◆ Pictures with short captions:
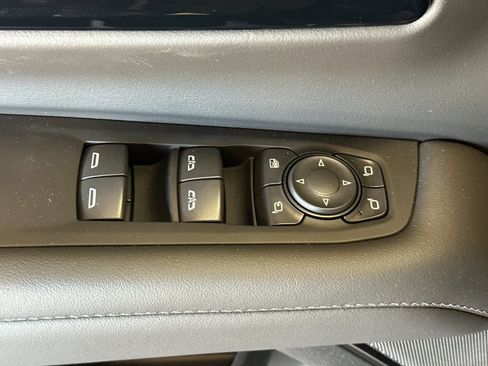 Used 2026 Chevrolet Suburban LT w/ Comfort Package RWD image 12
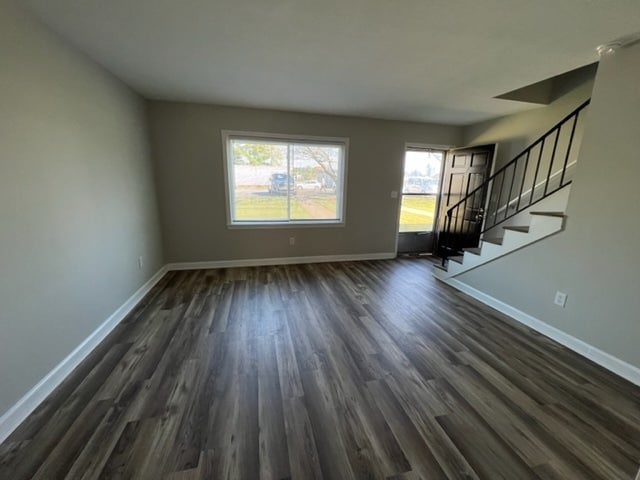 101 Plaza Oaks Rd in Yadkinville, NC - Building Photo - Building Photo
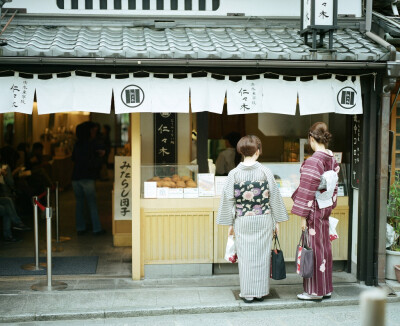 为商品停驻脚步的少妇----小纹和服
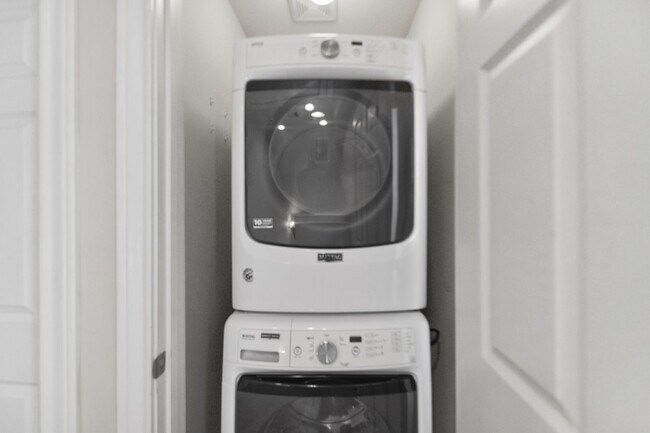 Building Photo - $500 OFF 1st Month's RENT! Gated Serenity ...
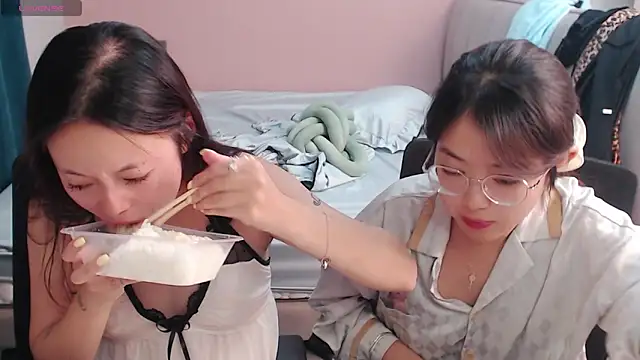 Snapshot of redrose520 chatting on 10-10-25, 12:04 redrose520 online show from 10-10-25, 12:04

◆ EXERCISE BRIEF:
Starting at the line that contains "Building Photo - $500", write out every line through the end of the entries above exactly, and omit the pictures.

◆ EXERCISE ANSWER:
 Building Photo - $500 OFF 1st Month's RENT! Gated Serenity ...
 Snapshot of redrose520 chatting on 10-10-25, 12:04 redrose520 online show from 10-10-25, 12:04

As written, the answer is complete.